Each line below from the one containing "ඇමති අරුන්දිකගෙන් ආණ්ඩුවටම" through the one containing "나이키 대학생 할인 쿠폰 할인코드" should be output exactly as it stands, and no other line should appear.

PROVIDED MATERIAL: Begin

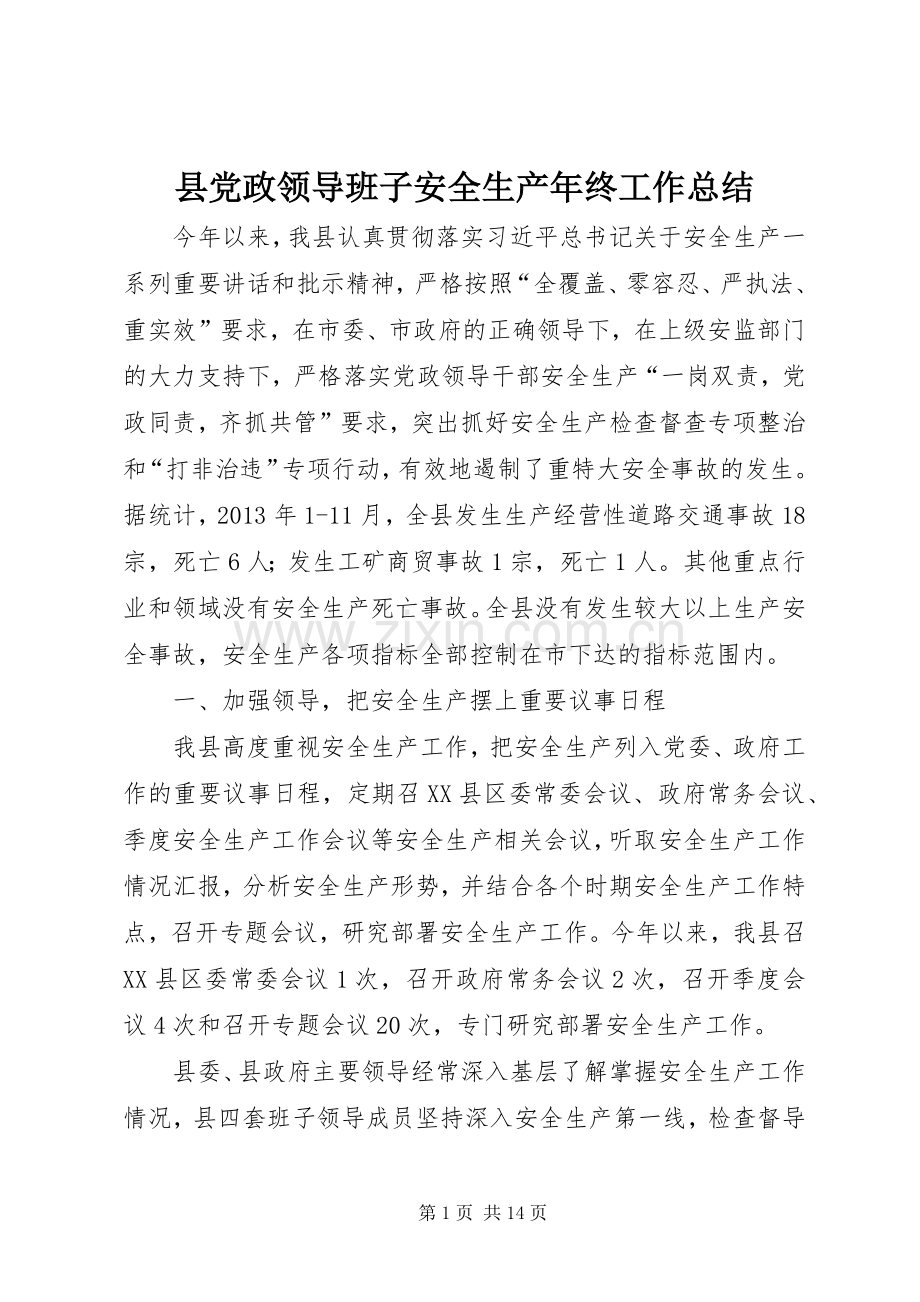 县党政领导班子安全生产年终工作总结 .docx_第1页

PROVIDED MATERIAL: End
PROVIDED MATERIAL: Begin

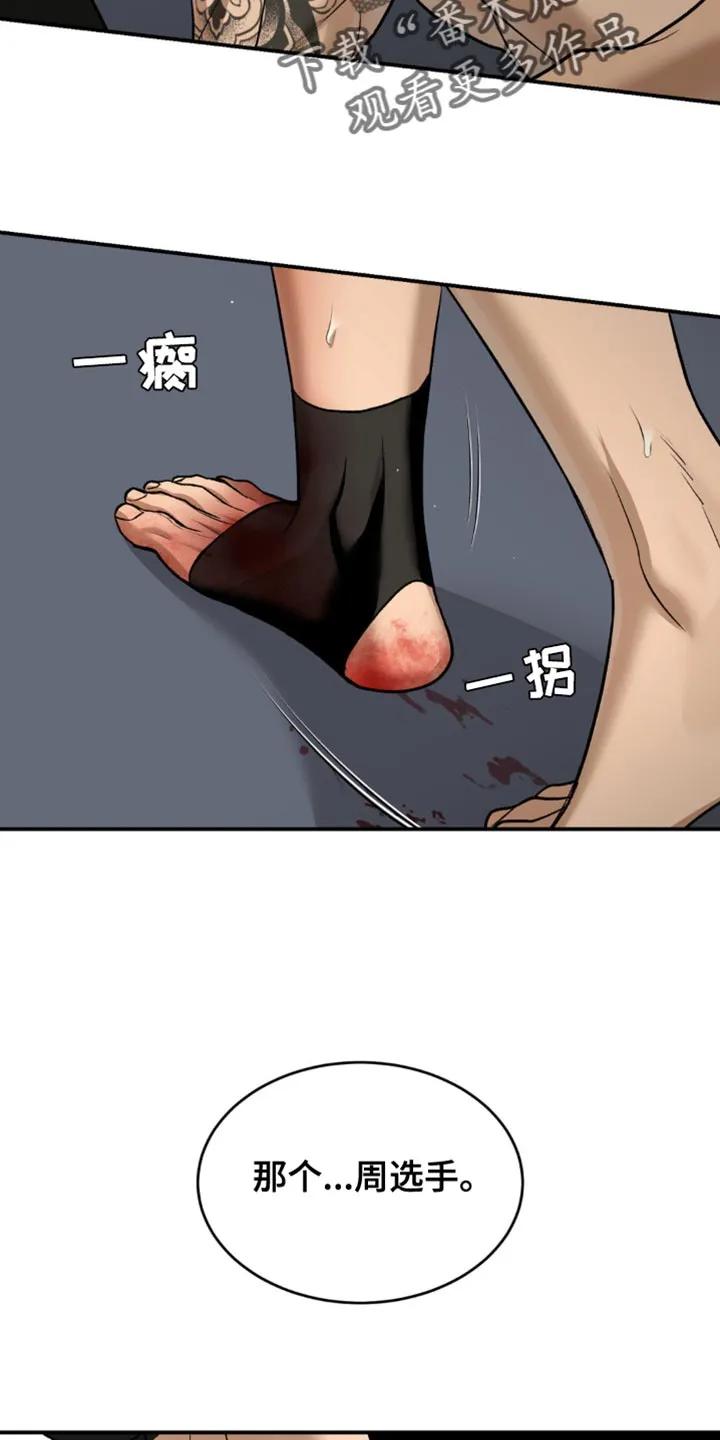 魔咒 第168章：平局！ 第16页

PROVIDED MATERIAL: End
PROVIDED MATERIAL: Begin

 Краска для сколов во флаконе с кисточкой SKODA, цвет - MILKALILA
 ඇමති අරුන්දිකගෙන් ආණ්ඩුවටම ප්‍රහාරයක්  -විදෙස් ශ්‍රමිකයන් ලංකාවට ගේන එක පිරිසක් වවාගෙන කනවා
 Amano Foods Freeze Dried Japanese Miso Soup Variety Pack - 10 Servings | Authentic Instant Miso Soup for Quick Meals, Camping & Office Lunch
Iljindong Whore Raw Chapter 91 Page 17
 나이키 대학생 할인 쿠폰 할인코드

PROVIDED MATERIAL: End

*WRITTEN RESPONSE:*
 ඇමති අරුන්දිකගෙන් ආණ්ඩුවටම ප්‍රහාරයක්  -විදෙස් ශ්‍රමිකයන් ලංකාවට ගේන එක පිරිසක් වවාගෙන කනවා
 Amano Foods Freeze Dried Japanese Miso Soup Variety Pack - 10 Servings | Authentic Instant Miso Soup for Quick Meals, Camping & Office Lunch
Iljindong Whore Raw Chapter 91 Page 17
 나이키 대학생 할인 쿠폰 할인코드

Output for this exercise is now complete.